Authentic Learning & Authentic Learning Environments

A few weeks back a professional colleague asked what I thought an authentic learning environment looked like, this is my rather long winded answer 😊

Authentic learning “… is a pedagogical approach that allows for the construction of meaning grounded in real-life situations and the learners own personal experience” (Authentic Learning Environments). An environment allows for authentic learning when children have caring,  authentic relationships with educators and space to experiment and explore.

An authentic learning environment begins with authentic relationships between children and educators. Authentic relationships with children are hugely important because “[n]o significant learning occurs without a significant relationship.”  (Dr. James P. Comer, professor of Child Psychiatry) When a classroom culture cultivates positive relationships and a sense of belonging and inclusion children have the security to learn in authentic ways.

In authentic learning environments children are allowed to make discoveries through concrete, hands on experiences rather than attempting to force them to understand a concept by filling out a worksheet or participating in a teacher planned lesson. As Bev Boss, early learning expert said, “If it hasn’t been in the hand and body it can’t be in the brain!”

Giving children the space and time to play and to construct their own understanding of the world is crucial if we want their learning to be meaningful to them. Educators in authentic learning environments are co-learners and play partners, scaffolding the children’s learning with open ended questions and gentle guidance.

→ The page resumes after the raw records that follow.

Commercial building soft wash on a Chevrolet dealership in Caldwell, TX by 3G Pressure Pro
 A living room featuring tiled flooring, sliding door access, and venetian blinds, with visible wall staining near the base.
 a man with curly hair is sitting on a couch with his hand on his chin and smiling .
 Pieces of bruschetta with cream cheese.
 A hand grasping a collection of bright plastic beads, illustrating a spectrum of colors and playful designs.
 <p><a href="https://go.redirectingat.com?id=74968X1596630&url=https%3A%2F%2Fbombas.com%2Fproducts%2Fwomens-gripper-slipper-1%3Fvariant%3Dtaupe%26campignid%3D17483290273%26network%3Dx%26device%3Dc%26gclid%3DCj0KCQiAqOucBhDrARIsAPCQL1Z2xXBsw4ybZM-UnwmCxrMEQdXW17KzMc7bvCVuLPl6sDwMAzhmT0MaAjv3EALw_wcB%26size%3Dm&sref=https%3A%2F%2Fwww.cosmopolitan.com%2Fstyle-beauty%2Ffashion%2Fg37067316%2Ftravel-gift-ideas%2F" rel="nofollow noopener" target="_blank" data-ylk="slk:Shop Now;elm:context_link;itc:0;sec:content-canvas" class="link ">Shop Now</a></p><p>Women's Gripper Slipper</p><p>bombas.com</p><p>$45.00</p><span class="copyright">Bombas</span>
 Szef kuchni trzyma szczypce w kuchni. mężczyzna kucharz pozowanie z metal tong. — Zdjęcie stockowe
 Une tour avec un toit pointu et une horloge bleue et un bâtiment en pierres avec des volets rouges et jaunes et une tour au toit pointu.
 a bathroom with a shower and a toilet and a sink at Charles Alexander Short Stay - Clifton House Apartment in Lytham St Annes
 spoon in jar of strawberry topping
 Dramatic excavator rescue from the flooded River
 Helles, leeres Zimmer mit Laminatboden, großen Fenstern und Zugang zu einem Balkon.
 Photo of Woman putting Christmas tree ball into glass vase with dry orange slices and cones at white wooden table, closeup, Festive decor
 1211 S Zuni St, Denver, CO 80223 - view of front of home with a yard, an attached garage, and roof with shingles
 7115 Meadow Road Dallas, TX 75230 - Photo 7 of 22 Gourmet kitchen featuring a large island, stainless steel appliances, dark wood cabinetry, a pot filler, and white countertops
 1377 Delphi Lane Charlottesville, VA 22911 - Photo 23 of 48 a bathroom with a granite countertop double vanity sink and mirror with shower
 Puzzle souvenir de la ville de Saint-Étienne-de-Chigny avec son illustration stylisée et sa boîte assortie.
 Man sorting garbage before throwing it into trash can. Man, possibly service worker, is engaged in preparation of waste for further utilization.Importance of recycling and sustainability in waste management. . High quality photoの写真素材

The best teachers are those who show you where to look, but don’t tell you what to see.  – Alexandra K. Trenfor

Children are designed to learn, motivated to discover and understand the world around them. From the moment babies enter the world they are eager explorers visually mapping the faces of those closest to them, communicating with cries and smiles, and learning through interacting with their environment. As educators we must support that natural drive to discover by creating welcoming environments that inspire children to learn.

Reflecting children’s interests and individual needs creates a rich and meaningful classroom environment. Because teachers in authentic environments cultivate close relationships with children and their families they genuinely understand what topics will ignite their students’ curiosity and are able to weave them into the fabric of play.

Education is not the filling of a pail, but the lighting of a fire. – William Butler Yeats.

When teachers are sensitive to each child’s individual needs, interests and temperaments and the environment is conducive to exploration and play, authentic learning is a natural process that occurs organically. Authentic learning is distinctly meaningful to each individual child and it is the things that have meaning to us that linger in our minds and our hearts for a lifetime.

Learning Stories: My Favorite Method of Documentation

Learning stories are a type of pedagogical documentation that is particularly dear to my heart because it allows me to express how amazing it is to watch the children in my program learn and grow. What makes learning stories so wonderful is that they encompass not just the learning going on in the moment but also the teacher’s image of the child as a curious, capable and competent individual in the attentive and caring way they are written.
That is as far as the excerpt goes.